India's Panchamrit pledges were announced by PM Modi at COP26 Glasgow in November 2021 as a five-point commitment: (1) net-zero by 2070; (2) 500 GW non-fossil installed capacity by 2030; (3) 50% energy from renewables by 2030; (4) 1 billion tonne CO2 reduction by 2030; (5) 45% reduction in emissions intensity of GDP by 2030 (vs 2005 baseline).
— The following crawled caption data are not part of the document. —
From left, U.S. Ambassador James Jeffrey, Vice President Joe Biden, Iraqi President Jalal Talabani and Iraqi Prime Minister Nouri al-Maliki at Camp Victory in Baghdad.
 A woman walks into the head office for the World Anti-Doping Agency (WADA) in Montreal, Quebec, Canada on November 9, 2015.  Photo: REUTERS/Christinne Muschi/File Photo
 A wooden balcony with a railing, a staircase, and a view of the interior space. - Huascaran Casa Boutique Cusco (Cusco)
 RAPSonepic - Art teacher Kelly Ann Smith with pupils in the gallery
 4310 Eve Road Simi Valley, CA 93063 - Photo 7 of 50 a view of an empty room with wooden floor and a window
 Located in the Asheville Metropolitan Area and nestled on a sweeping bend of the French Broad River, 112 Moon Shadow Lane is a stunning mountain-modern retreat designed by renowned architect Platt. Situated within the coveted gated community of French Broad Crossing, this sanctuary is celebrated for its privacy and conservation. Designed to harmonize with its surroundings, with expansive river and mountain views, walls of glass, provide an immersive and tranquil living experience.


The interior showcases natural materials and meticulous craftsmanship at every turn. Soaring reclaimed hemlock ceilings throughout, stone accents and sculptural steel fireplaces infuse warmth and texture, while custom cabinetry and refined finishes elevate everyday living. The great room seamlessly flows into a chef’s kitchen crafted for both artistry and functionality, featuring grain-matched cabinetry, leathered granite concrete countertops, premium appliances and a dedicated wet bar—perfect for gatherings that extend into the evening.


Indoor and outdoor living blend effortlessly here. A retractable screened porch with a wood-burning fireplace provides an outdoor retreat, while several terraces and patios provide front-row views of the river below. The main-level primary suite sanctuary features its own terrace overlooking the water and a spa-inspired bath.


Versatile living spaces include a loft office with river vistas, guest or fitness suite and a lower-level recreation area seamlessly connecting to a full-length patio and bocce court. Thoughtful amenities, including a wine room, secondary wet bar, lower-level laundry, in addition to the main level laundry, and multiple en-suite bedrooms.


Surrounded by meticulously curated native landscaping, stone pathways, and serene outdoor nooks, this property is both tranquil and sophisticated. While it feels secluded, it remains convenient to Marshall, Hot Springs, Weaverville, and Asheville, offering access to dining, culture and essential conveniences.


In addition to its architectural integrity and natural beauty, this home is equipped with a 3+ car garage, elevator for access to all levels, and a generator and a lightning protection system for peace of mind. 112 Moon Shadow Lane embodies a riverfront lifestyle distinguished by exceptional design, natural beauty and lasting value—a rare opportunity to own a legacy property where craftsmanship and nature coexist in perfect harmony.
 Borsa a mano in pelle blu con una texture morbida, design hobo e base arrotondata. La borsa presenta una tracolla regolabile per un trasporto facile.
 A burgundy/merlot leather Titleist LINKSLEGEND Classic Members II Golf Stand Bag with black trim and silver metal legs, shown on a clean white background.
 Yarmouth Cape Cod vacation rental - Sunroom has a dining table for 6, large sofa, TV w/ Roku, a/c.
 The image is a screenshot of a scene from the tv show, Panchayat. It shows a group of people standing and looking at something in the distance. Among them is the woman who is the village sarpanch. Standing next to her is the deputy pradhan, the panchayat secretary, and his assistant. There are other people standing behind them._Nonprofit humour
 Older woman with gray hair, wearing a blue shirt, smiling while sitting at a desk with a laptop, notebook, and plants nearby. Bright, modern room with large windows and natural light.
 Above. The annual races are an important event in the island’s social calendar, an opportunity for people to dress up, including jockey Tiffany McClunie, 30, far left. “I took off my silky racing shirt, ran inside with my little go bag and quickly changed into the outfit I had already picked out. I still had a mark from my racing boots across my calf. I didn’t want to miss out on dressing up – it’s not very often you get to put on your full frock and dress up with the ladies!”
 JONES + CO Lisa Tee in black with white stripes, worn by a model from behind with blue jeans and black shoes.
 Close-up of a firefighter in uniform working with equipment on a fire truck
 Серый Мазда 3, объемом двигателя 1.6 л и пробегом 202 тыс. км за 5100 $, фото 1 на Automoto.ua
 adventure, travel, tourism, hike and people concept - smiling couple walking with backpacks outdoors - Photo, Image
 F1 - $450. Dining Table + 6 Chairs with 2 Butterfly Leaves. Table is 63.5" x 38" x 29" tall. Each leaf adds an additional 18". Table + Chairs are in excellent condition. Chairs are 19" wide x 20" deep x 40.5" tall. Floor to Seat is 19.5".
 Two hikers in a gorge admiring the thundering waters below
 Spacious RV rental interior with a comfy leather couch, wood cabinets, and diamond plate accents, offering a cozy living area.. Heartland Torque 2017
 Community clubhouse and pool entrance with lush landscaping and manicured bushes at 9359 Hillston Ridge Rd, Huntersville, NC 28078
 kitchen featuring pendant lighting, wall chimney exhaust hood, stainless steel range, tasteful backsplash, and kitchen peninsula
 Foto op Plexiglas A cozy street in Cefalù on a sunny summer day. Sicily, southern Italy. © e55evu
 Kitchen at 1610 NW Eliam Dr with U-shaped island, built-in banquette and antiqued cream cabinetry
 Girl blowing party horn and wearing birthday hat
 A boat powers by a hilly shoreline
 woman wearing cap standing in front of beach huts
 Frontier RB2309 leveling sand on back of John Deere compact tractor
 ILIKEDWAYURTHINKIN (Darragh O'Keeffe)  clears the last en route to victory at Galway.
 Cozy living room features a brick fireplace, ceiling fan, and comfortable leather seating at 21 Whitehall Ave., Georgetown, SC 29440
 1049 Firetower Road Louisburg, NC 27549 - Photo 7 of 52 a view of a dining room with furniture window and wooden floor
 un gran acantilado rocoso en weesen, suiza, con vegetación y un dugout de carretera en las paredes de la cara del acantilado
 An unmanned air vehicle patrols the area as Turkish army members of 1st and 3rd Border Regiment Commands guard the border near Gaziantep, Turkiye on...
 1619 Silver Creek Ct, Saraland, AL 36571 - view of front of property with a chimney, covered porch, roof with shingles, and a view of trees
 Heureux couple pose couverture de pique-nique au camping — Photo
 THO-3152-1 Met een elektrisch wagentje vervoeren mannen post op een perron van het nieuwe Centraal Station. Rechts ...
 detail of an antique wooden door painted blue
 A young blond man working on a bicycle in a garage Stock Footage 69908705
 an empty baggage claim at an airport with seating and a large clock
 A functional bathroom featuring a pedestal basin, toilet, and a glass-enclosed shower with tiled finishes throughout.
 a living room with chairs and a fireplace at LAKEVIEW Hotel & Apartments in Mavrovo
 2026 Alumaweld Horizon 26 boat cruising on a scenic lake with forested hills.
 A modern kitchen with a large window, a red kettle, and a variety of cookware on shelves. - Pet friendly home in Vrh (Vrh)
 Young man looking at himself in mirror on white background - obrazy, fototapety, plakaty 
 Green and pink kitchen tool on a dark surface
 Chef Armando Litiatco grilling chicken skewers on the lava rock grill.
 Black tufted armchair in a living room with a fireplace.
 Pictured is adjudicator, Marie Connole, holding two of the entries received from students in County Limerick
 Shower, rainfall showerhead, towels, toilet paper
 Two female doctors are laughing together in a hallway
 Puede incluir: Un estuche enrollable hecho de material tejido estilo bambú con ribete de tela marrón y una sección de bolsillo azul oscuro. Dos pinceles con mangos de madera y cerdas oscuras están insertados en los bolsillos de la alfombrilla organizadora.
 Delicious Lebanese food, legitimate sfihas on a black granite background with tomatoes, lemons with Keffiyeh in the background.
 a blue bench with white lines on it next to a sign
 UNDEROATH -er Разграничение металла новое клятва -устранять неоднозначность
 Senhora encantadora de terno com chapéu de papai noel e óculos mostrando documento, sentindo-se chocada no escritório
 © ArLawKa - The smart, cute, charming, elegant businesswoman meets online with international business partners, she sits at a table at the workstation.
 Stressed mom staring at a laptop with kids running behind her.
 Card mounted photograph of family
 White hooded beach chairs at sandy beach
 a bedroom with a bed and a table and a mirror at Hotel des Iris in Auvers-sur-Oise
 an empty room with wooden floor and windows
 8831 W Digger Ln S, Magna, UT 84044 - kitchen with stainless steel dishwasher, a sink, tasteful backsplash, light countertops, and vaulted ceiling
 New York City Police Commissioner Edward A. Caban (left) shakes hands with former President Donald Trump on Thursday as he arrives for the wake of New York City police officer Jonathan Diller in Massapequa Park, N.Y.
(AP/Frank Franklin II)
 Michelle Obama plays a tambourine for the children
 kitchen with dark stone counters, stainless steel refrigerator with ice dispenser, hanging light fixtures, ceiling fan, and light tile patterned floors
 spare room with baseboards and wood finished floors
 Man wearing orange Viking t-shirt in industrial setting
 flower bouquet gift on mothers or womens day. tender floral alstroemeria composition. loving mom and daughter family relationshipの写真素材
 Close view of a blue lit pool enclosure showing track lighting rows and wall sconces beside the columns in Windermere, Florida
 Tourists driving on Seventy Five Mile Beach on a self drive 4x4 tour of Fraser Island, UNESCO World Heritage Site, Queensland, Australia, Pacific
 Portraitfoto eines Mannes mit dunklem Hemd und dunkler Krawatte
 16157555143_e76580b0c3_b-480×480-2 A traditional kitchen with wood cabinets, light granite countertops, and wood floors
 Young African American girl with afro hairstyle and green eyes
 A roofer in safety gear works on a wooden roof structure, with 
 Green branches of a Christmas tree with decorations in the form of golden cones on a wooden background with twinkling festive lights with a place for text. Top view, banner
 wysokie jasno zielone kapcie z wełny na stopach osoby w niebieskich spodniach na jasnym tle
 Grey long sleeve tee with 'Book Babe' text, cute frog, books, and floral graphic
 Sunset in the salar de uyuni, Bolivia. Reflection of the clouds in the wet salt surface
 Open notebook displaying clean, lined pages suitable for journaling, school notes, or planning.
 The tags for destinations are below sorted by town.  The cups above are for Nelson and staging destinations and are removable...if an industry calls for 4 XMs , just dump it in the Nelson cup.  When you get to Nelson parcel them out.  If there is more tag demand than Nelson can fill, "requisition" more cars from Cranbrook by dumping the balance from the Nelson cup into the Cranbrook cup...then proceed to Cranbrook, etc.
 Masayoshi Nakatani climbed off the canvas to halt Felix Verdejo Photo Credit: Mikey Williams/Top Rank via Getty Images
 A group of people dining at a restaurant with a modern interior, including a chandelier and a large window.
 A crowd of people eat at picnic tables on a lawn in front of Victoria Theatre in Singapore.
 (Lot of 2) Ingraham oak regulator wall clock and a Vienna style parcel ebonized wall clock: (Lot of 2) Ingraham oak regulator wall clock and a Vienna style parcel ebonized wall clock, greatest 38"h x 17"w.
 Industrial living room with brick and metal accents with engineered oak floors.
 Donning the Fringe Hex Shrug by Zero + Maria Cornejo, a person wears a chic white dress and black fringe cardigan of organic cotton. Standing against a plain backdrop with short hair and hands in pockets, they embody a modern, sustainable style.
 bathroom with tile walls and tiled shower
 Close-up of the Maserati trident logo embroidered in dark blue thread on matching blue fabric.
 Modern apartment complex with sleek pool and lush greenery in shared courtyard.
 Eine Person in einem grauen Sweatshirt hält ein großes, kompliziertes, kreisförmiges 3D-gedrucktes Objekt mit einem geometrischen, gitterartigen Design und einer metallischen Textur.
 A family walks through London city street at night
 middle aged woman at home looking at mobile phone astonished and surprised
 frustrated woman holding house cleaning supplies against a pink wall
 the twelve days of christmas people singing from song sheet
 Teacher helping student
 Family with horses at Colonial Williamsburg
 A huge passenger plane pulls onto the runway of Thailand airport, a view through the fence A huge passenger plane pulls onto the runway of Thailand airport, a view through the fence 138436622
India updated its 2015 NDCs in 2022 to reflect these pledges.

UPSC Mains
GS-II: Bilateral, regional and global groupings and agreements involving India and/or affecting India's interestsGS-II: Important international institutions, agencies and forumsGS-III: Conservation, environmental pollution and degradationGS-III: Energy security and sustainable development

India has formally submitted its NDCs for the 2031-35 period to the UNFCCC under the Paris Agreement — three quantitative targets that build progressively on the Panchamrit pledges announced at COP26 Glasgow in November 2021:

Quantitative upgrades from 2030 NDC to 2035 NDC:
- Non-fossil installed capacity: 50% (2030) → 60% (2035)
- Emissions intensity reduction (vs 2005): 45% (2030) → 47% (2035)
- Carbon sink: 2.5-3 bn tonnes (2030) → 3.5-4 bn tonnes (2035) CO2-eq

Strategic significance:
- Demonstrates India's adherence to the Paris Agreement ratchet mechanism — each successive NDC must be more ambitious
- Comes after India has already crossed 52.5% non-fossil installed capacity in February 2026, exceeding the original 2030 target ahead of schedule
- Reaffirms India's positioning as a Global South leader while asserting CBDR-RC principle
- Conditionality language — explicitly ties enhanced ambition to developed-country finance, technology transfer, capacity-building

India's position in global climate diplomacy:
- Champions CBDR-RC — Common But Differentiated Responsibilities and Respective Capabilities
- Demands developed-country obligations on finance be met under UNFCCC Article 4 and Paris Agreement Article 9
- Seeks technology transfer under UNFCCC Article 4.7
- Seeks capacity-building under UNFCCC Article 11
- Calls out the persistent gap between pledges (USD 100 bn/year from Copenhagen 2009; NCQG of USD 300 bn/year by 2035 from Baku 2024) and disbursement

India's wider climate-policy stack:
- National Action Plan on Climate Change (NAPCC, 2008) with 8 sub-missions (Solar Mission, Mission for Enhanced Energy Efficiency, Sustainable Habitat, Water, Sustaining Himalayan Ecosystem, Green India, Sustainable Agriculture, Strategic Knowledge for Climate Change)
- State Action Plans on Climate Change (SAPCCs)
- National Green Hydrogen Mission (January 2023, ₹19,744 crore)
- PM-KUSUM, PM Surya Ghar Muft Bijli Yojana, SHP Development Scheme for renewable expansion
- Sovereign Green Bonds — first issued January 2023
- Mission LiFE (October 2022)
- International Solar Alliance (ISA) co-founded with France at COP21 (2015)
- Coalition for Disaster Resilient Infrastructure (CDRI) launched UN Climate Action Summit 2019
- G20 New Delhi Declaration (September 2023) — climate finance and DPI as key outcomes

Adaptation focus sectors in 2031-35 NDC:
- Agriculture — climate-resilient crops, water-efficient irrigation, agroecology
- Water resources — river-basin management, water security
- Coastal regions — sea-level rise, cyclone resilience, mangrove restoration
- Himalayan region — glacier retreat, GLOFs (Joshimath 2023, Wayanad 2024 lessons)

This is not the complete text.